The National Cancer Institute is taking several steps to smooth the path by which nanomedical discoveries in the lab are translated into preventives, diagnostics and treatments that will be used to help patients.

"We want to get these new agents into regulatory review and into the clinic," said Anna D. Barker, PhD, NCI's deputy director for advanced technology and strategic partnerships. "We want to move forward in a proactive way." Her comments were part of a presentation made during last month's meeting in San Diego of investigators involved in the NCI Alliance for Nanotechnology in Cancer.

This effort includes the Food and Drug Administration and the National Institute of Standards and Technology, both of which are contributing to the development of criteria for nanoscale materials as well as preclinical toxicology and efficacy testing protocols. In addition, the NCI requires researchers who receive funding related to the project to have partners that can commercialize any developments that result.

"It's really important to get industrial players involved early on, because that's how we will get new developments fastest to the patient's bedside," said Sanjiv Gambhir, MD, PhD, professor of radiology and nuclear medicine at Stanford University.

Nanomedicine has been a buzzword for the past few years, particularly with regard to cancer. Many experts see it as a potential mechanism for the application of personalized medicine -- making it more likely that a patient is treated with the optimal therapy early.

"We don't want to wait months to see if the tumor will shrink," Dr. Gambhir said. "We want to know quickly whether the drug works and if we should change the therapy or continue it."

Scientists also hope that this line of research will lead to better ways to track how cancer moves through the body, streamline clinical trials, combine therapeutics with diagnostics and create drugs that are able to treat diseased cells without harming healthy tissue.

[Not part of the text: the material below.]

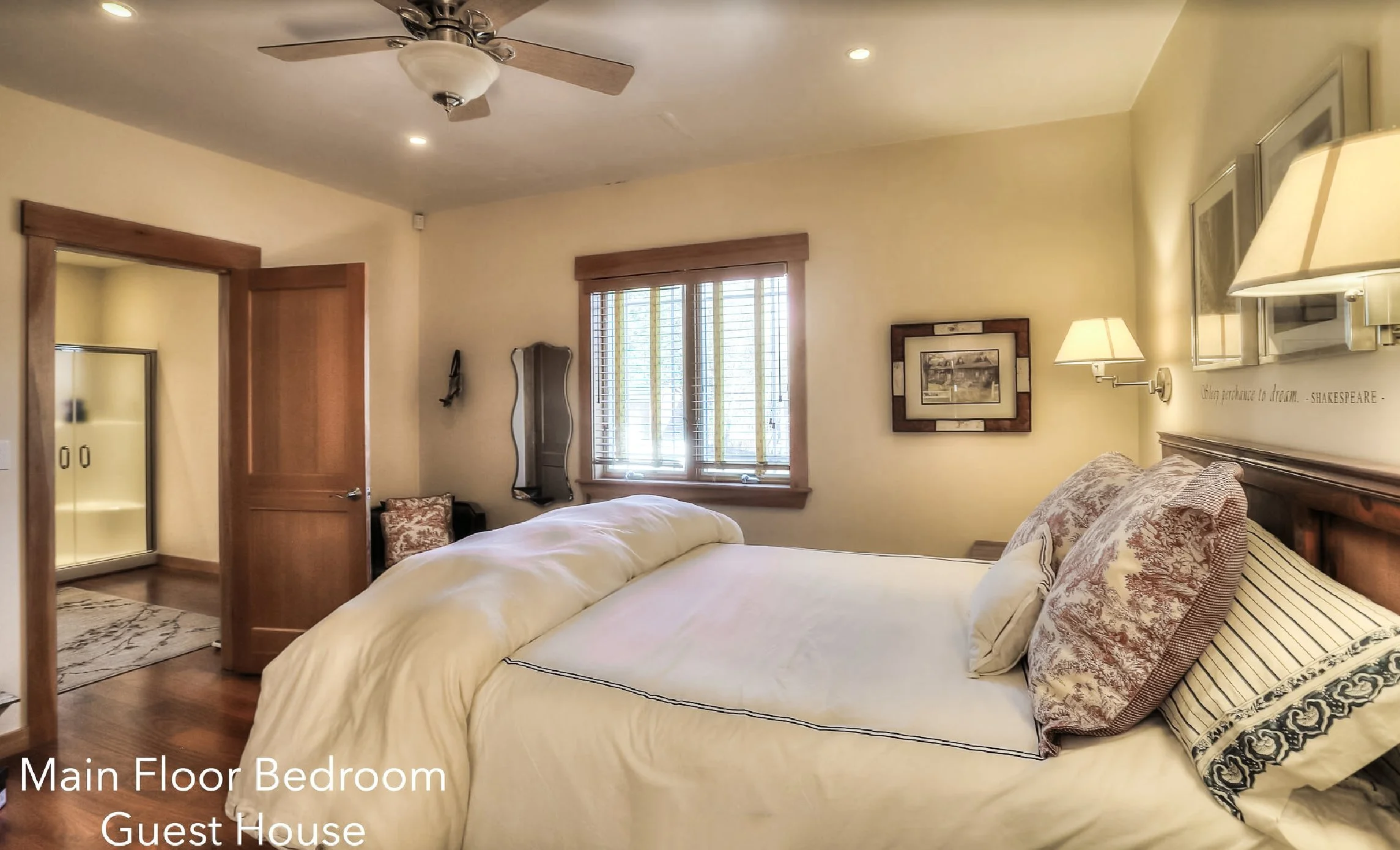 Main floor bedroom in guest house with bed, pillows, window with blinds, wall art, and wall-mounted lamps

"Traditional cancer drugs are very systemic and toxic, and nanotechnology offers a way around that," Dr. Barker said.

In a related development, the National Institutes of Health announced in October that the funding of four additional institutions completes its national network of nanomedicine centers. Eight institutions are now investigating the physical properties of structures inside cells and training students in this discipline.

"Future progress in medicine will depend on our understanding ... the complexity of biological systems," said Paul A. Sieving, MD, PhD, head of the NIH's Nanomedicine Initiative and director of the National Eye Institute.

But researchers say the enterprise will not be able to help patients unless regulatory uncertainty is resolved. In an attempt to do just that, the FDA held its first major public meeting Oct. 10 on nanotechnology materials in products regulated by the agency.

This work is regarded as particularly crucial because, although nanotechnology is in its very early stages, significant fears have arisen about its possible environmental impact, and several organizations have issued reports criticizing the FDA for not taking a more active role to ensure that emerging products are safe.